Phytoplankton bloom in Hood Canal. NASA’s Aqua satellite acquired a natural-color image (top) of a phytoplankton bloom in Hood Canal—a fjord in Washington’s Puget Sound.
Hood Canal separates the Kitsap Peninsula and the Olympic Peninsula.
Hood Canal is a fjord forming the western lobe, and one of the four main basins, of Puget Sound in the US state of Washington. It is one of the minor bodies of water that constitute the Salish Sea. Hood Canal is not a canal in the sense of being a man-made waterway—it is a natural waterway. NASA’S view.
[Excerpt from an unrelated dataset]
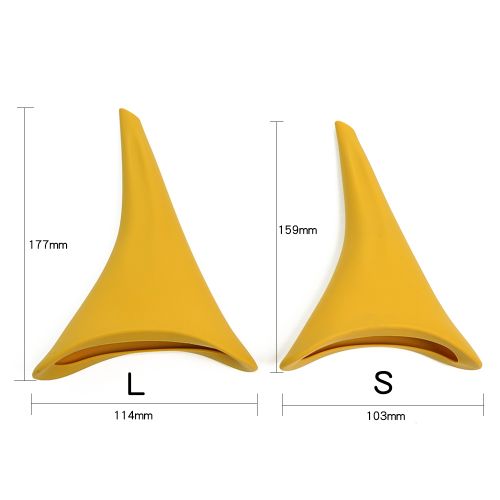 Портативний пісуар для силіконовий коричневий Sweet Em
Hood Canal is long and narrow with an average width of 1.5 miles (2.4 km) and a mean depth of 53.8 metres (177 ft). It has 342.6 kilometres (212.9 mi) of shoreline and 42.4 square kilometres (16.4 sq mi) of tideland. Its surface area is 385.6 square kilometres (148.9 sq mi) and it contains a volume of water totaling 21 cubic kilometres (17,000,000 acre⋅ft) Hood Canal extends for about 50 miles (80 km) southwest from the entrance between Foulweather Bluff and Tala Point to Union, where it turns sharply to the northeast, a stretch called The Great Bend. It continues for about 15 miles (24 km) to Belfair, where it ends in a shallow tideland called Lynch Cove.
Along its entire length, Hood Canal separates the Kitsap Peninsula from the Olympic Peninsula of Washington. The U.S. Navy’s Naval Base Kitsap, Bangor Annex, is located on the eastern shore of Hood Canal near the town of Silverdale. Hood Canal has several internal bays, the largest of which is Dabob Bay. Most of Dabob Bay is a Naval Restricted Area, and is used by the submarines stationed at the Bangor Base. Quilcene Bay is an inlet extending northwest from Dabob Bay. Near the north end of Hood Canal is Port Gamble, a bay and a town of the same name.